- **THE PROBLEM**:
Return the line containing "Team ALS op" and every line beneath it through the end of the entries below, unchanged. Pictures stay out.
+-------+
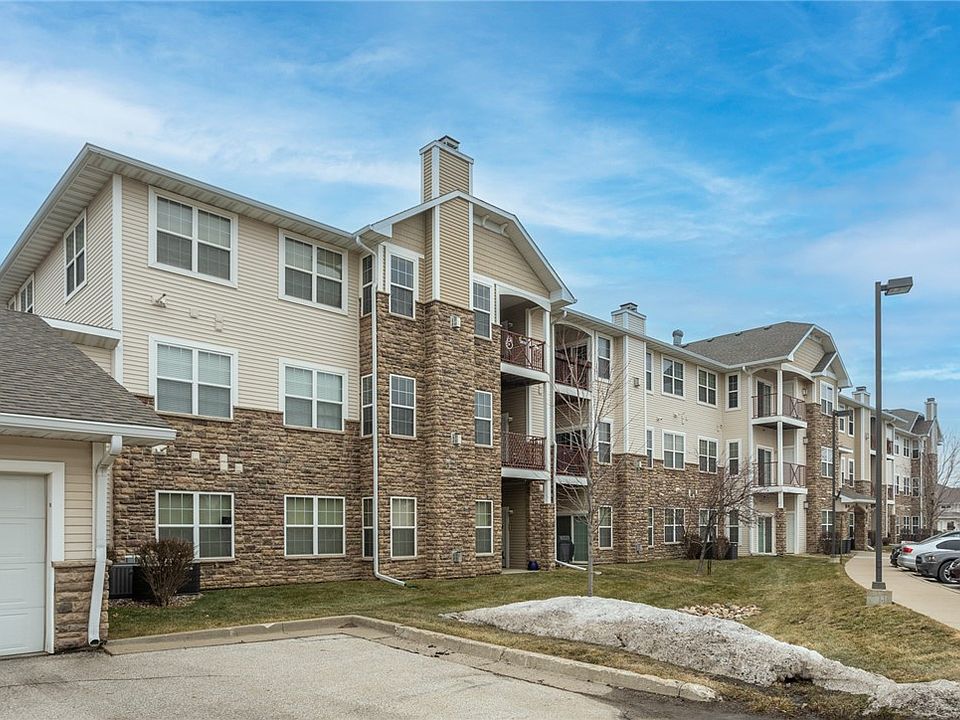 1st image of 1331 SE University Ave Unit 307
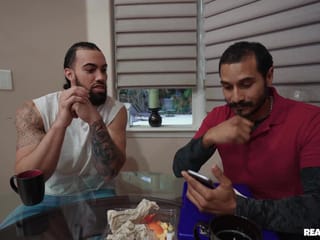 Curvy Milf Tiffani Madison en el plato hoy para el cazador de milf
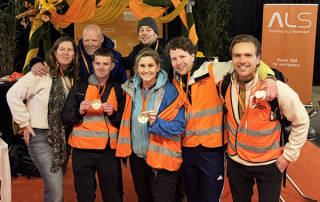 Team ALS op de weg tijdens de ALS Sunrise Walk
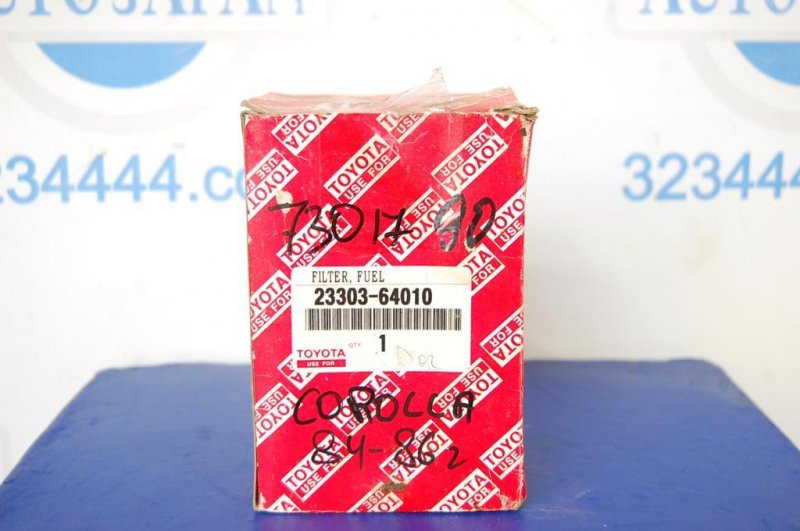 Фильтр топливный TOYOTA LAND CRUISER 90 96-03 23303-64010 новая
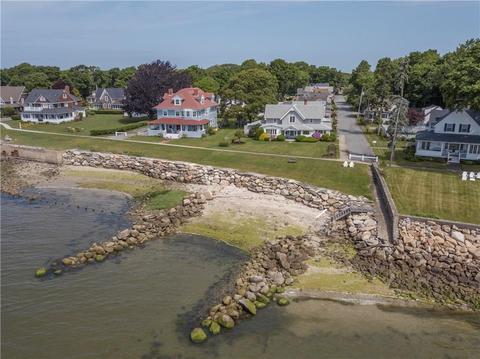 43 Tenth Ave, Warwick, RI 02886 photo 2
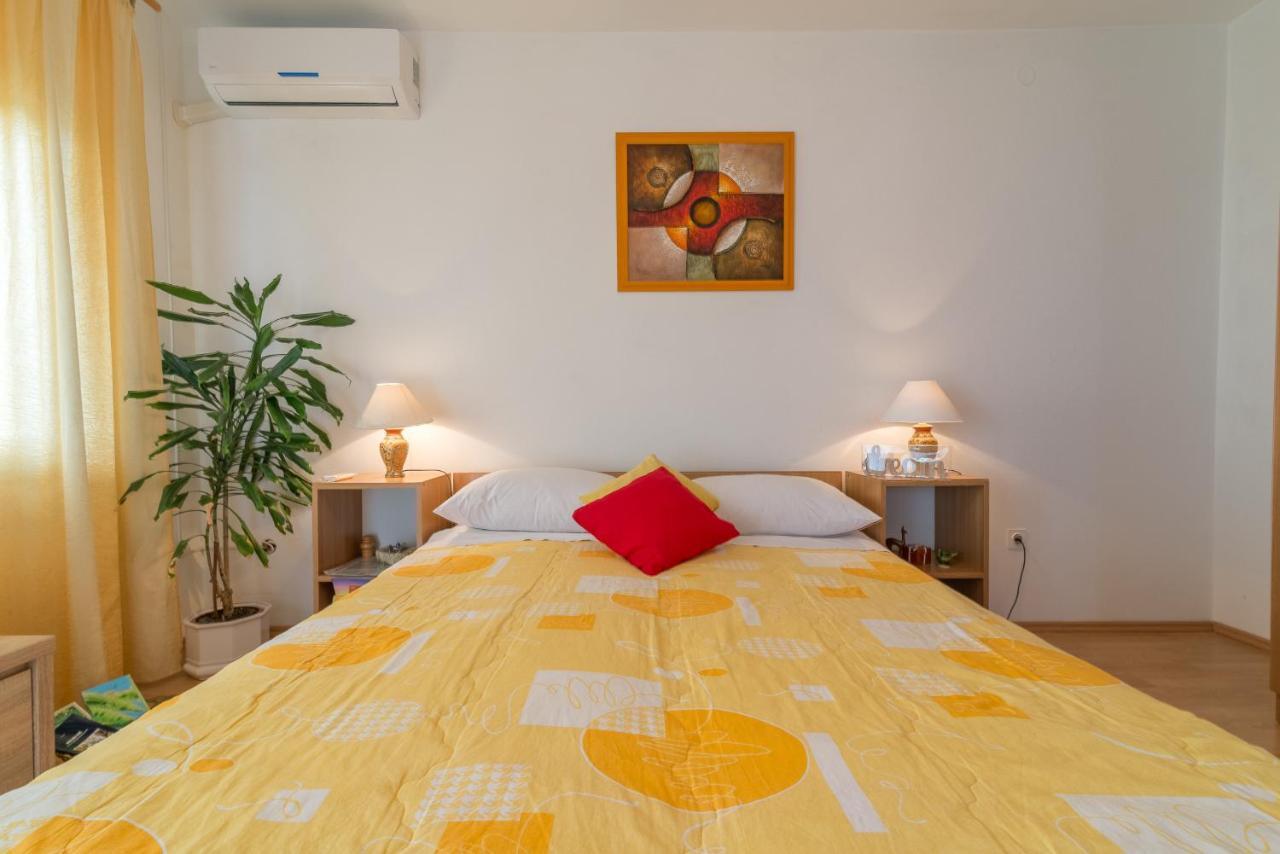 ביוגראד נה מורו Apartments Bepina מראה חיצוני תמונה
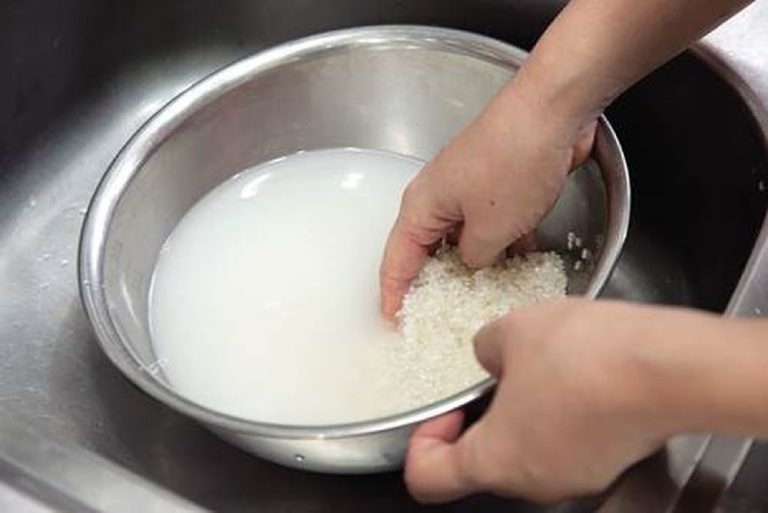 Nước gạo chứa rất nhiều thành phần dưỡng chất thiết yếu đối với làn da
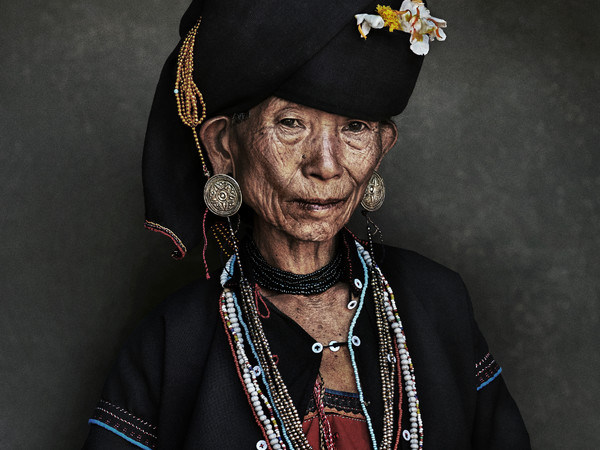 A beautiful world, gli scatti di Mario Testino a Palazzo Bonaparte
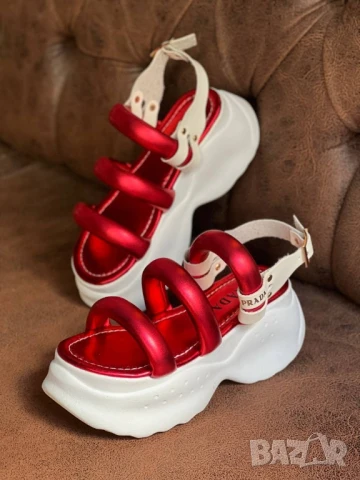 сандали на платформа prada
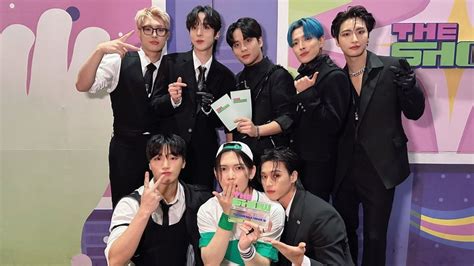 First Winning Bouncer Ateez Sweeps The Floor With A K Hot Chilli Peppers Performance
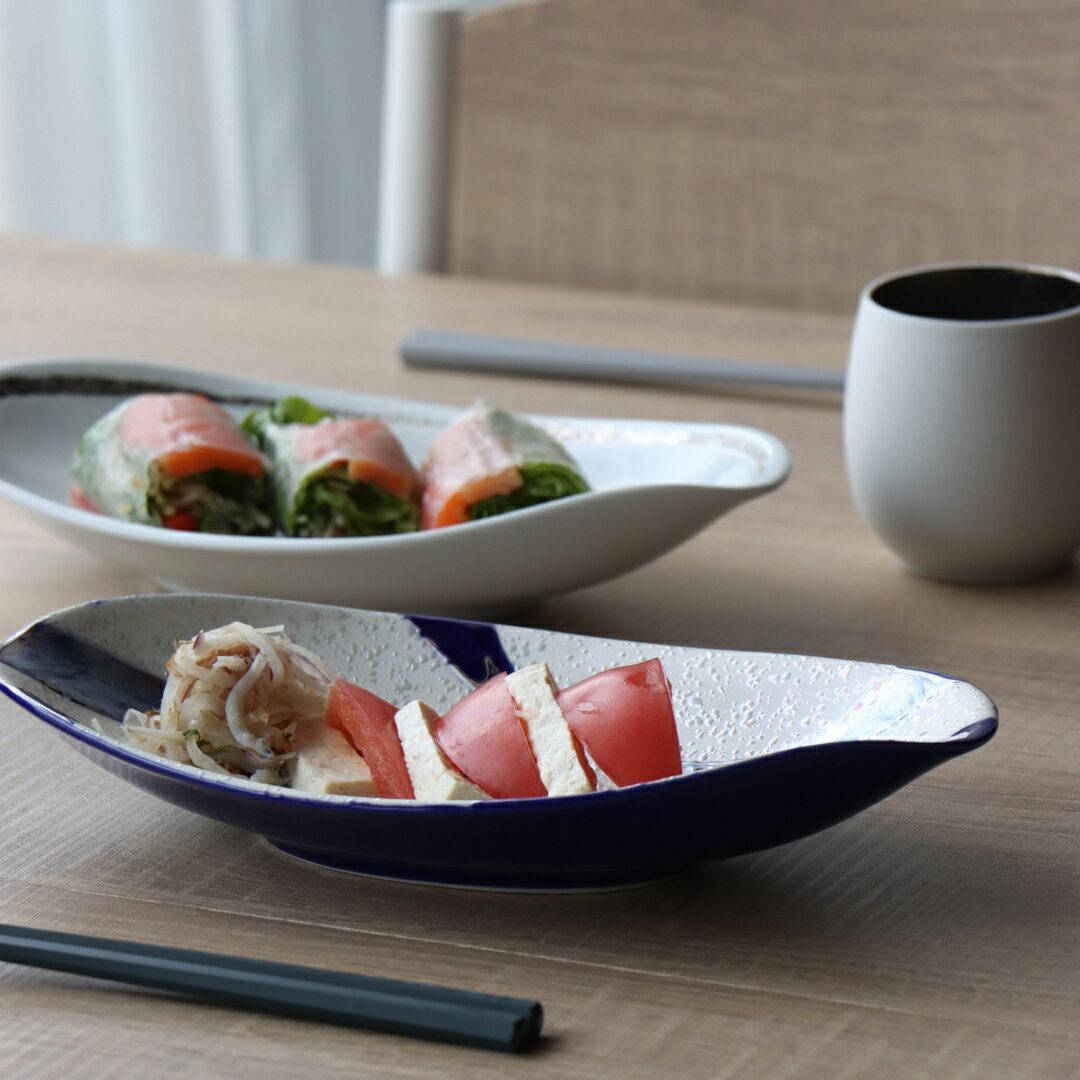 【ふるさと納税】有田焼 シルバー・ブルーライン オーバルプレート 2枚セット【山忠】器 食器 皿 楕円 前菜 サラダ皿 おしゃれ 可愛い 35000円 3.5万円 A35-585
+-------+
- **RESPONSE**:
 Team ALS op de weg tijdens de ALS Sunrise Walk
 Фильтр топливный TOYOTA LAND CRUISER 90 96-03 23303-64010 новая
 43 Tenth Ave, Warwick, RI 02886 photo 2
 ביוגראד נה מורו Apartments Bepina מראה חיצוני תמונה
 Nước gạo chứa rất nhiều thành phần dưỡng chất thiết yếu đối với làn da
 A beautiful world, gli scatti di Mario Testino a Palazzo Bonaparte
 сандали на платформа prada
 First Winning Bouncer Ateez Sweeps The Floor With A K Hot Chilli Peppers Performance
 【ふるさと納税】有田焼 シルバー・ブルーライン オーバルプレート 2枚セット【山忠】器 食器 皿 楕円 前菜 サラダ皿 おしゃれ 可愛い 35000円 3.5万円 A35-585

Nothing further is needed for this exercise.